Article 22 Any changes with respect to the legal representative, the company shall file the alteration of registration within 30 days from the date when the resolution is made.

 

   
   

 

Chapter VIII Other matters required by shareholders

 

Article 23 Shareholders may transfer all or part of its shareholdings in accordance with the law.

 

The company shall, within 30 days from the date of transferring of shares, file for alteration of the registration.

 

If the alteration of shareholdings causes changes to the type of the company, the company shall duly apply to the relevant registration authority for alteration of type of company in accordance with the terms required.

 

Article 24 After the shareholders have made the share transfer in accordance with the legal requirements, the Company shall make amendments to the capital contribution recorded in its articles of association and shareholders records.

 

Article 25 The term of operation of the Company shall be long term, counting from the issuance date of Business.

 

The company may survive by amending its articles of Association when the term of operation as stipulated in the Articles of Association expires;

 

In the case of extending its operation term, the company must apply for amendment of its registration.

 

Article 26 The company shall be dissolved due to the following reasons:

 

(1) The term of operation as stipulated in the Articles of Association of the Company expires;

 

(2) As decided by the shareholders;

 

(3) if dissolution is necessary as a result of the merger or division of the company;

 

(4) If the Business License is revoked, ordered to close down or be canceled;

 

(5) it is ordered to be dissolved by the people’s court according to Article 183 hereof.

 

Where the company is dissolved under Item (1), (2), (4), or (5) of Article 26, a liquidation group shall be formed to commence the liquidation within 10 days after a cause of dissolution occurs.
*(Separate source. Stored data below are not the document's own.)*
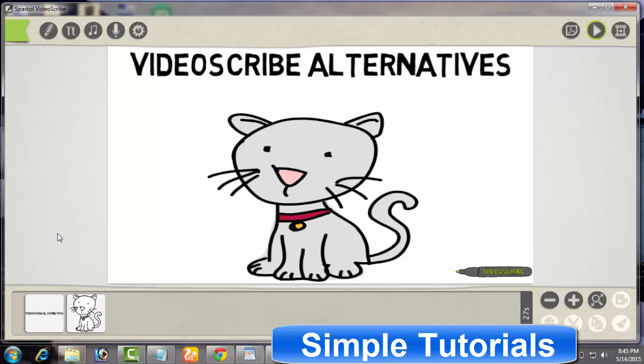Taking this into consideration and to put an end to your search, I have compiled a list of three available Sparkol VideoScribe alternatives. After some research, I could find only these alternatives to VideoScribe to create animated whiteboard videos. These alternatives are not free though, but a whole lot cheaper and affordable than VideoScribe. Let's go through this list of cheaper and affordable alternatives to VideoScribe.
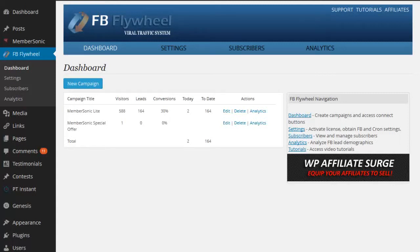Hi, this is Andrew Hunter and in this video I want to give you a quick demonstration of how the FB Flywheel plugin works. We're here on the dashboard page of FB Flywheel and I've got two campaigns created.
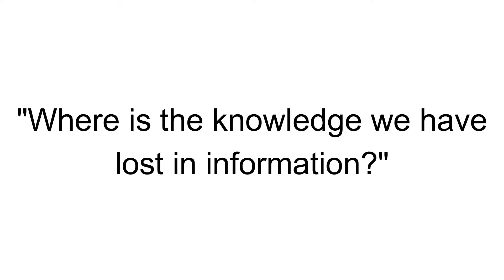Where is the knowledge we have lost in information? Hey everyone, welcome back to the channel. I'm Jeffrey.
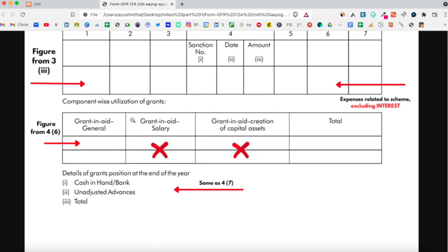In the next part, mention the cash in hand or in bank at the end of the year and the unadjusted advances you still have at the end of the year. Addition of both the amounts will give you the total amount you have at the end of the year.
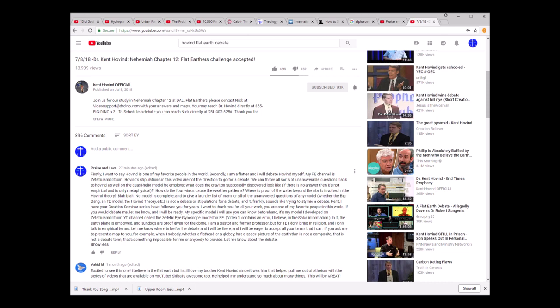So here's the comment I put. It's on your screen, but I'll just read it to you. The comment I put on Kent's video. Firstly, I want to say Kent Hovind is one of my favorite people in the world. Secondly, I'm a flatter, and I will debate Kent Hovind myself.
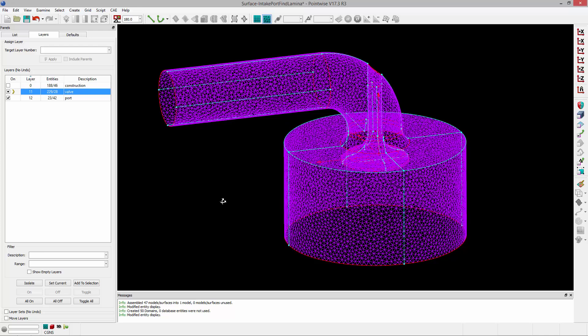So that's how you can identify and see the lamina boundaries in your model and in your mesh. Thank you, and have a pleasant Tuesday.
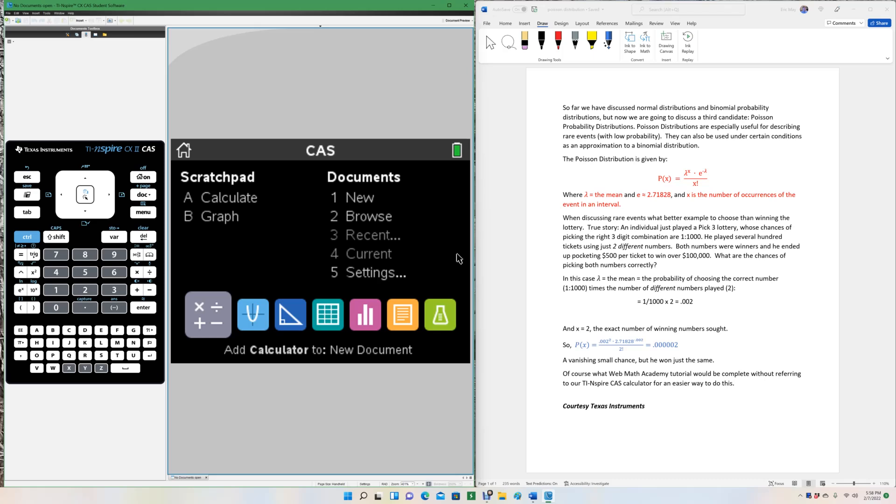The Poisson distribution is given by the following equation: p(x), that's the probability, equals lambda to the x times e to the negative lambda over x factorial. That looks kind of complicated, but it's really not that bad.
The members of the liquidation group shall be determined by the shareholders.

 

   
   

 

Article 27 Where the company is dissolved and should go through liquidation in accordance with the law, the list of the members of the liquidation group and the head of the liquidation group shall be filed with the registration authority within 10 days of the establishment of such group.

 

Article 28 The liquidation group shall notify the creditors within a period of 10 days commencing from the date of its establishment and, within 60 days, make newspaper announcement of the liquidation.
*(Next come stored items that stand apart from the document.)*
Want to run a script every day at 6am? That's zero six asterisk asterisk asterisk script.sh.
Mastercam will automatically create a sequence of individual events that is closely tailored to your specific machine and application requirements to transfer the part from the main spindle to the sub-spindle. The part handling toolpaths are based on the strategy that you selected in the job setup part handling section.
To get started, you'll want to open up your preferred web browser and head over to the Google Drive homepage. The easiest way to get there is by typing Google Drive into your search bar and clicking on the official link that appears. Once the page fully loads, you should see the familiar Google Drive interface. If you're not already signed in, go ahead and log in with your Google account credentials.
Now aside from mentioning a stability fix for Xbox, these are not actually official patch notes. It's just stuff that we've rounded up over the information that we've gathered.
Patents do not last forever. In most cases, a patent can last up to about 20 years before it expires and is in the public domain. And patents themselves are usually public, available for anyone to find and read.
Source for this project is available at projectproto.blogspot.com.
During the period of declaration of claims, the liquidation group may not repay the debts to the creditors.

 

Article 29 During liquidation, the company shall continue to exist, but it may not engage in new business activities unrelated to liquidation. Company property may not be distributed among its shareholders prior to full repayment in accordance with the stipulations of the Company Law.

 

Following the completion of liquidation, the liquidation group shall compile a liquidation report and submit the same to shareholders (or the people’s court) for confirmation. In addition, the liquidation group shall apply for cancellation of the company’s registration to the original registration authority and announce the company’s termination.

 

Chapter IX Supplementary Provisions.

 

Article 30 The decision of the Company to invest in other enterprises or provide guarantees to other entities shall be made by the shareholders.

 

The guarantee provided by the Company to its shareholders or actual controllers shall be determined by the shareholders in writing.

 

   
   

 

Article 31 The Company registration matters shall be verified and approved by the Company registration authority.

 

Article 32 For matters not specified in the Articles of Association, it shall be governed by the relevant provisions of the Company Law.

 

Article 33 The Articles of Association shall be formulated by the shareholders and shall take effect as of the establishment date of the company.

 

Article 34 The Articles of Association shall be made in triplicate, with one original retained by the shareholders, one retained by the company, and one submitted to the Company registration authority.

 

Shareholders signature and seal.

 

Kashgar Sheng Yinxin Enterprise Consulting Co., Ltd.